Another good detail is the pin which holds the spaulders in place....there would be cotter pin to inserted through that post on his shoulder to hold the shoulder armour in place, and that post would also provide a hinge point for the armour to move around.
The Morion helm is in period to this armour....designed to not only look really big and nasty, but also to shed arrows and sling stones. I have seen and handled original morions, and for some reason, they are almost all raised up from a single piece of steel. I am not quite sure why...but unlike most helmets, the Morion seems to be a real "show off" piece for the armour maker. I would think twice before doing all that raising! I would probably build it up in halves...they just didn't! The cheek pieces are more complex than they look....they actually swing out past that big visor, and the chin strap is attached to the inside of these cheek pieces.

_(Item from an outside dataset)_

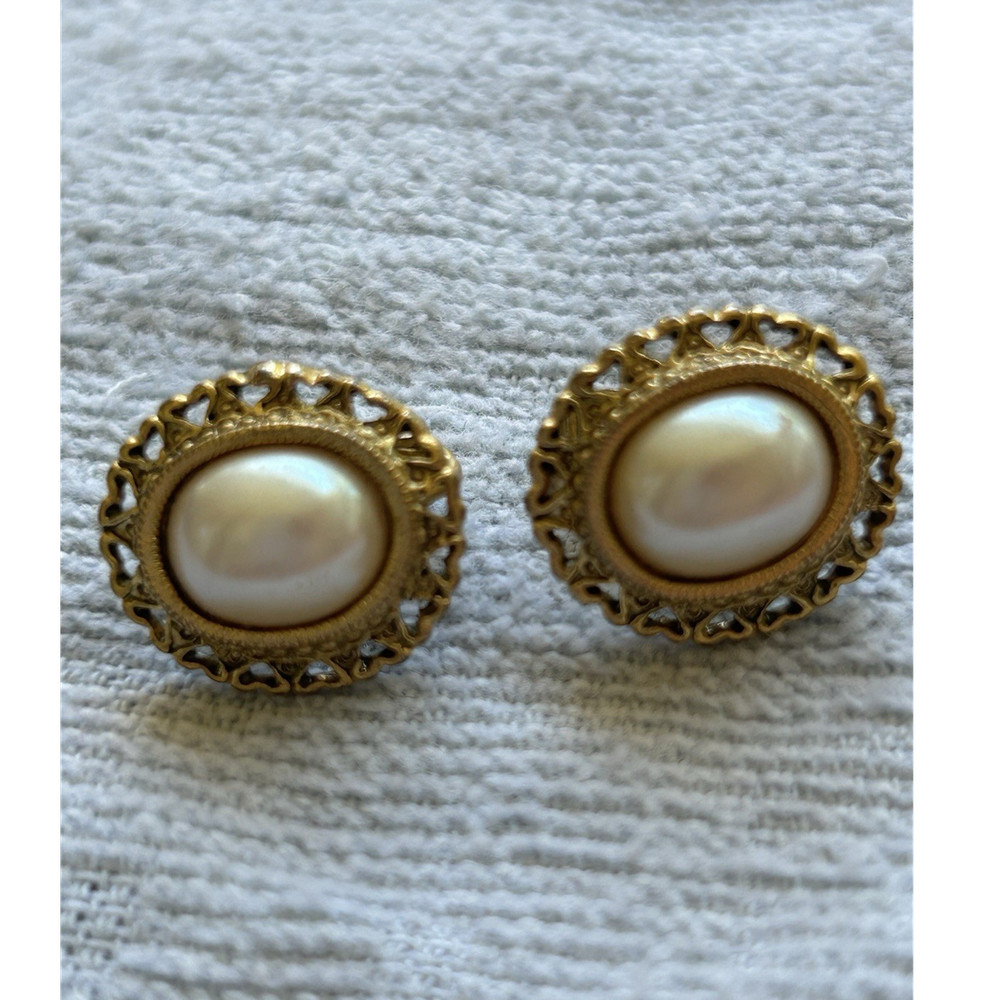 Vintage Gold Tone Clip-On Earrings Oval Imitation Pearl Fashion Jewelry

As usual, the Bohemian armour has the flared gauntlets rather than a complex and delicate wrist joint which marks the better French and and some German armour.
click on the image to enlarge....
Tuesday, June 10, 2008
And here is the whole armour. Click on the image to enlarge. Can you spot the problem with wearing this armour, and for that matter, the one in the background? A prize to the first person who comments to identify the w.t.f.
Wednesday, June 4, 2008
This is the Eagle headed air force sword. The air force plaque is raised on a backing, and is the exact same "albatross" which appears on the cap badges of airmen in England, Canada, and all the other commonwealth countries. This eagle (we only call it an albatross) transcends nationalism, and like the fouled anchor is the symbol of sailors, the albatross is the symbol of airmen all over.
Tuesday, June 3, 2008
above is a lovely splinted armour, with wide placqart flare. Difficult to imagine exactly what the rest of the outfit would look like...I suspect it would be pantaloons, with minimal leg armour. There does not seem to be provision for faulds and tassets.
This is interesting....the Belgian style legs which are extensions of the faulds. They certainly look very nice....and the lames appear to be joined without any leather at all. This might imply some very tricky fitting. The globose breastplate must have taken an inordinate time to pound out, and that gorget looks like it is integral to the armour. Neat idea.
Above is another of the same idea, however the breastplate is much more reasonable...a Peascod breastplate, made by slitting a triangular section out of the bottom third, and welding it all back up. The fastest way to make a breastplate.
Above is just such a peascod breasplate. Note the glaring absence of holes, mounting plates, or anything which will help this armour stay on. This armour was never used. The slight wobble in the centre line may have made this armour unsaleable, and so it ended up on display.
These are part of the set that Pierre took when he visited Prague castle.
Thanks you Pierre.
Monday, June 2, 2008
These are closeups of the armour from Prague....the spaulders. Compare them to the ones I made below! I honestly don't know how they could move their arms forwards....that big forward wing would just ride up into their neck!
I'll have to study this armour some more. It "should" be fairly simple...but the mechanism on how it all works seems clumsy to me. I don't believe an armour make that can do work that good would make a clumsy armour.
Thanks Pierre for the pictures. Tomorrow I will post the full armour.